The Google Brain project started in 2011 to explore the use of very-large-scale deep neural networks, both for research and for use in Google’s products. As part of the early work in this project, DistBelief – first-generation scalable distributed training and inference system – was developed. Based on the experience with DistBelief and a more complete understanding of the desirable system properties and requirements for training and using neural networks, TensorFlow, system for the implementation and deployment of largescale machine learning models, was born.
Machine Learning is about finding patterns in data. A person on the same principle performs many tasks as in childhood. Our brain receives information, processes, accumulates, eliminates unnecessary, “repeats” and learns something new.
In fact, TensorFlow is a tool that allows you to implement or simplify the implementation of machine learning for your system or task. For example, to add two numbers, no one needs to write the numbers to the register, call the add operations and read the result from another register. In other words, TensorFlow is Deep Learning, an open source engine and an area of Machine Learning that uses the concept of the functioning of the human brain’s neural connections to solve various problems. such as pattern and speech recognition, i.e. such tasks that are difficult to solve using just computing power.
In contrast to the usual familiar functions and services, the neural network can not only provide the output at the output according to predetermined rules but learns by itself (the principle is based on how our brain behaves), i.e. the network determines itself the rules (weights and offsets) and gives the result.
With the release of TensorFlow version 1.0, the platform has gained such features as:
Speed. TensorFlow 1.0 is incredibly fast! The XLA lays the groundwork for even greater productivity gains in the future, and tensorflow.org already has tips and tricks to achieve maximum speed for your models.
Versatility. TensorFlow works almost everywhere, including Android, iOS, Raspberry PI, laptops and desktops. In addition to the discovery of TensorFlow itself, Google also opened tools for maintaining models in production.
Flexibility. High-level APIs appeared in TensorFlow 1.0, with tf.layers, tf.metrics and tf.losses-modules.
What is important for developer that would like to become acquainted with the TensorFlow?
Knowledge of machine learning will help. To learn more about TensorFlow, you can see the tutorials at www.tensorflow.org. Basic knowledge of neural networks, probability theory and mathematical analysis are also needed. But don`t be so afraid about it – the universality and speed of training and hypothesis testing (or piloting the model) will allow building a TF-based system without deep fundamental pieces of knowledge (but note that the understanding of the general principles is essential).
In conclusion, there are some interesting ways to implement TensorFlow in your industry:
– A tool that allows doctors to diagnose eye diseases.

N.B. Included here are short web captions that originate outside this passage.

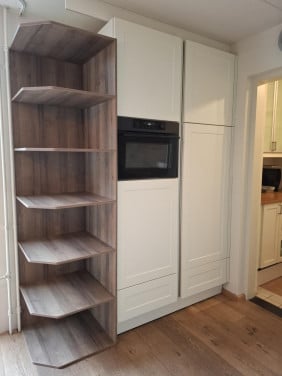 Hoge regaal kast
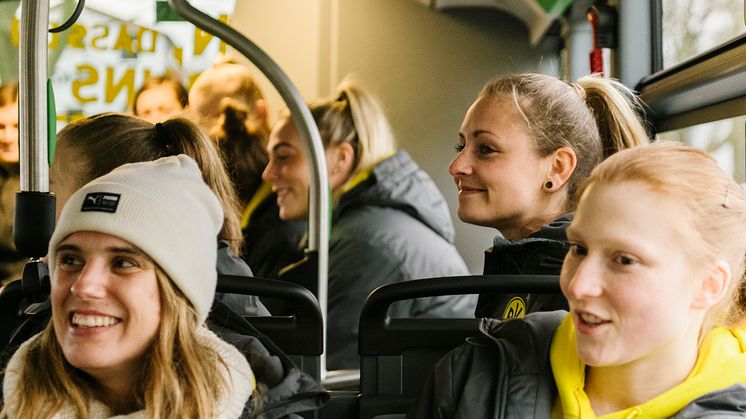 BVB Frauenbus powered by 21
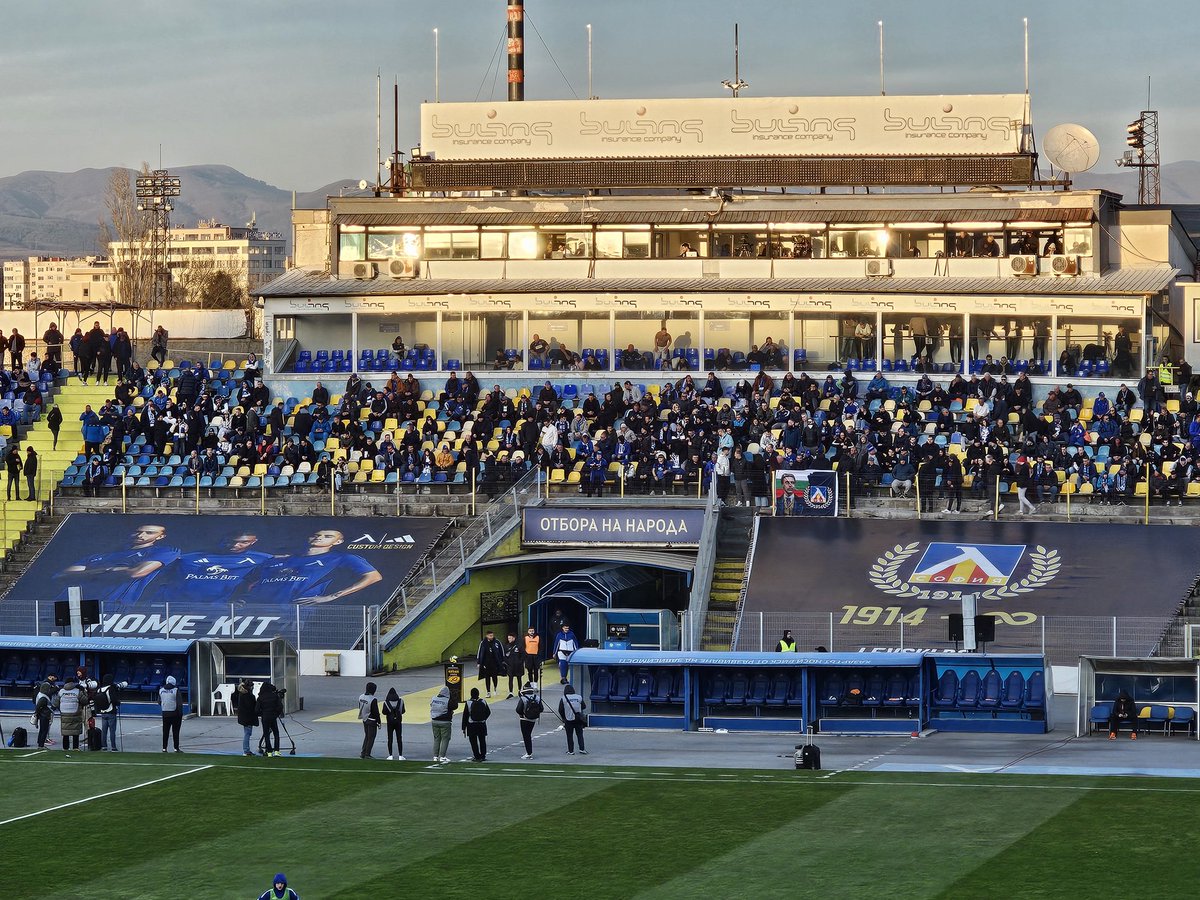 SMFC1987's tweet photo. 9/3/26 🇧🇬
Game 2 of today.
Levski Sofia 1 Lokomotiv Plovdiv 0
Parva Liga Bulgaria 🇧🇬
Includes my video of the penalty that won the game. 
#levski #sofia #loko #plovdiv
#bulgaria 🇧🇬 
#groundhopping Revisit. https://t.co/izIK36Lqly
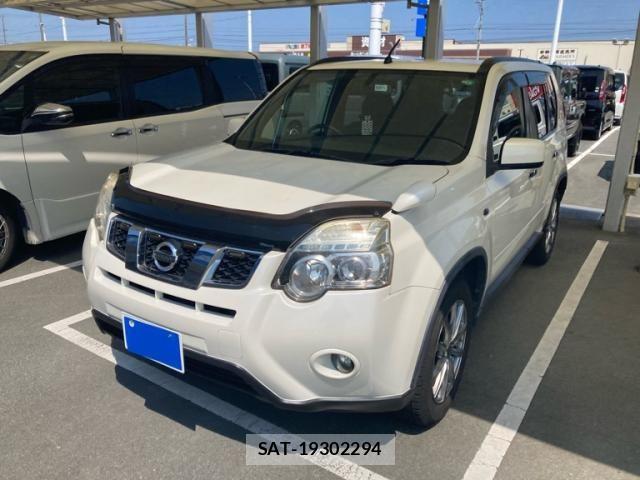 Nissan X-TRAIL 2013-10 8629950-2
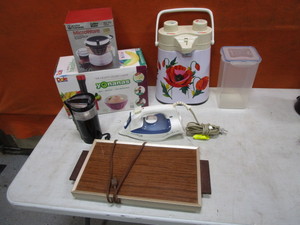 lot 339 image: Small Housewares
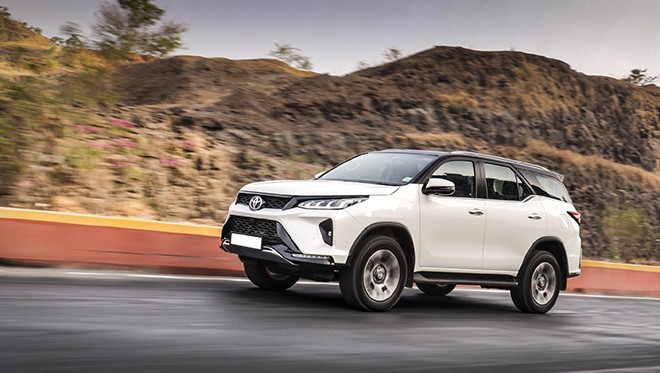 Giá Toyota Fortuner lăn bánh mới nhất cuối tháng 6/2024 rẻ ‘át vía’ Ford Everest và Hyundai Santa Fe ảnh 3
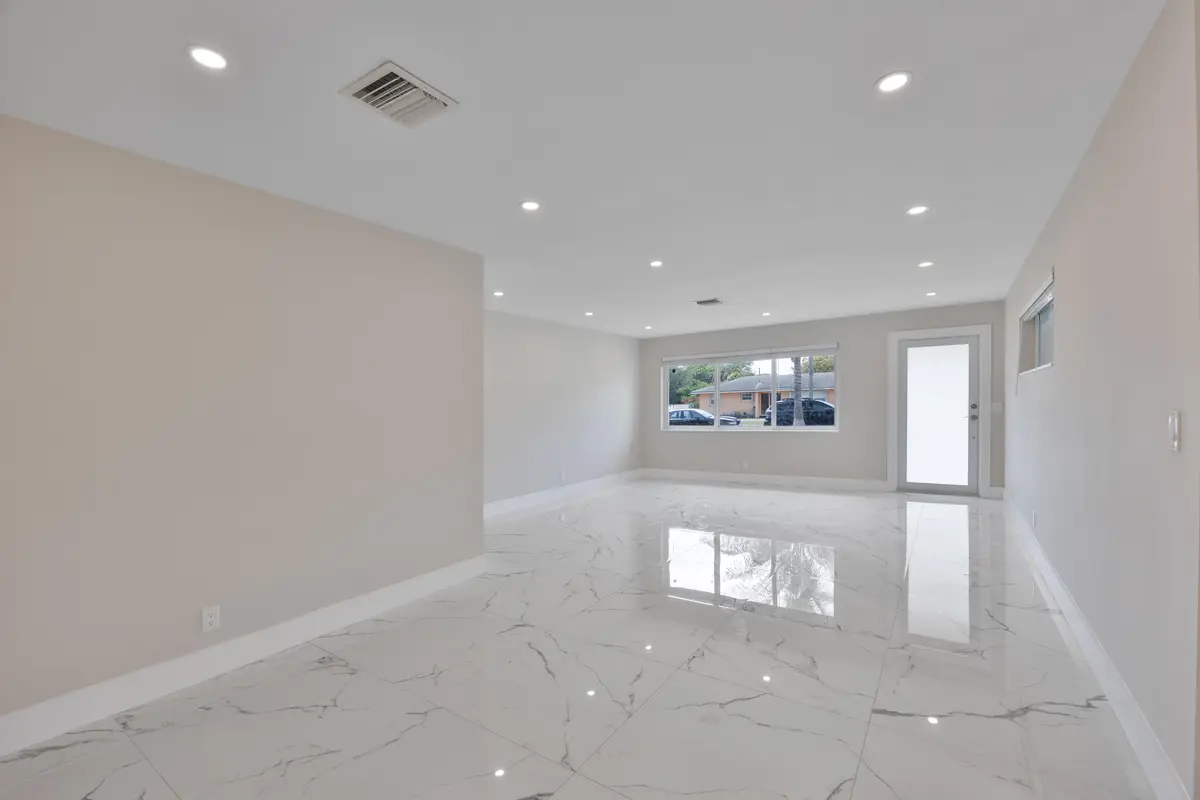 . at 215 Evergreen Drive, West Palm Beach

– An application that creates pictures and music.
– Australian marine biologists use TensorFlow to search for sea cows in tens of thousands of photos.
– The Japanese farmer has trained TensorFlow to sort vegetables.
– Radiologists use TensorFlow to detect signs of Parkinson’s disease on medical scans.
– Stanford doctoral students with TensorFlow detect skin cancer.
– Gulf researchers use TensorFlow and Raspberry Pi to track Caltrain trains.
For now, there are already enough neural networks that can be used to solve their problems, without modifications or with minor modifications. Perhaps this is one of the most popular ways to use Machine Learning among a wide range of developers.